So how do we change this classroom risk aversion?

Expect and Respect Mistakes

expect and respect mistakes

We can create a culture of mistake making in our classrooms by communicating to our students at the beginning of the school year that we expect and want them to make mistakes, because learning is more memorable when we inspect and correct our mistakes.

As teachers, we need to communicate this message frequently, because behavior modification takes time and effort.

In addition, we can be honest about our own mistakes, point them out when we make them, analyze them, and correct them as they happen. I found that students respect me more and I build more authentic relationships when I admit my mess-ups.
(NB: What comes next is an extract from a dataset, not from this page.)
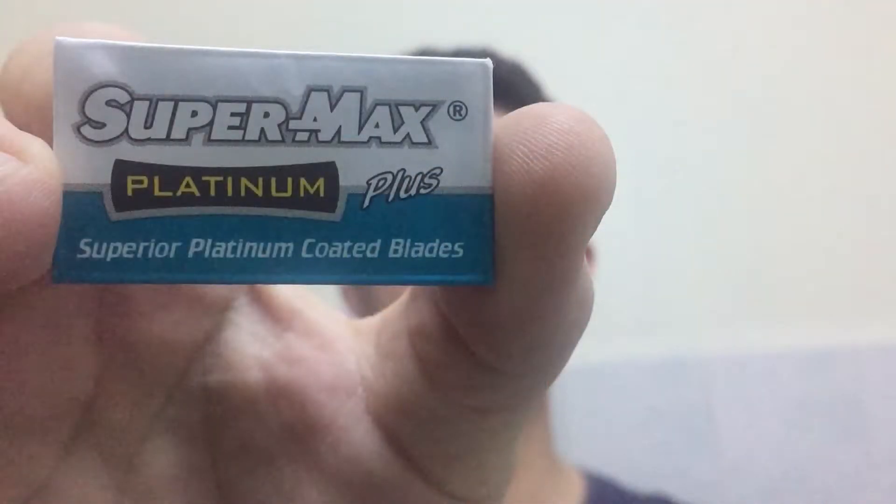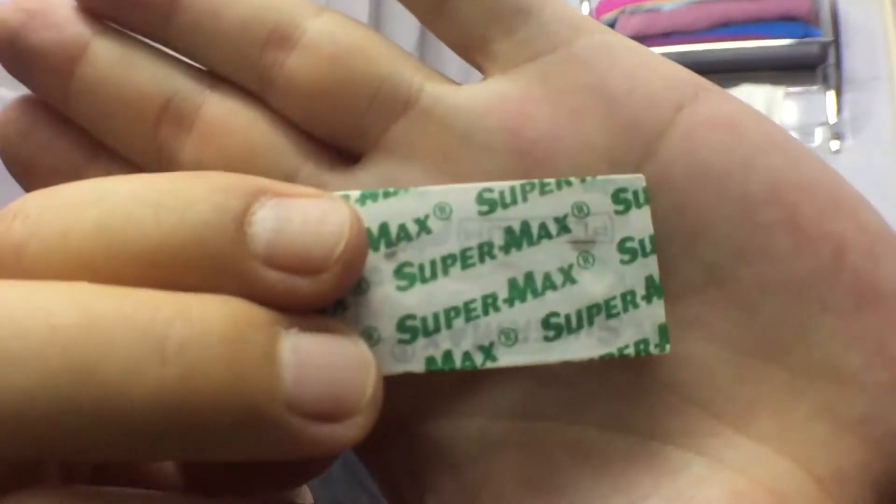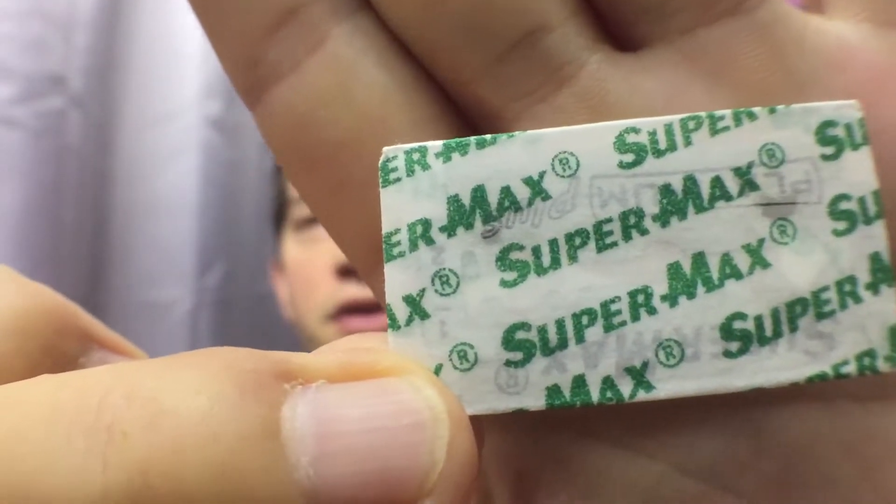I wanted to remake the review now. One thing that struck me from the beginning is the fact that this blade looks different from the blade I reviewed last time. I'm going to insert an image for you to see how that blade looked. Just take another look at the wrapping on this blade — it looks totally different. If you know why the packaging is different, please leave a comment below.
Inspect and Correct Mistakes

Inspect and correct your mistakes

How does making, inspecting, and correcting our mistakes help us learn better?

We tend to feel embarrassed when we get something wrong in front of our peers, which makes these experiences more memorable than instances in which we guess correctly. And the benefits of such blush moments, evidenced by the sudden rush of blood to our heads and visible on our faces, cannot be understated. Emotions do wanders for the memory-making process of information encoding.

Additionally, we tend to put time into careful processing of mistakes we make as we do not want to be wrong again, especially about the same thing. We want to show we’re smart by improving ourselves and learning from our mistakes. Such processing and reprocessing leads to deeper knowledge. Deeper knowledge is the definition of true learning.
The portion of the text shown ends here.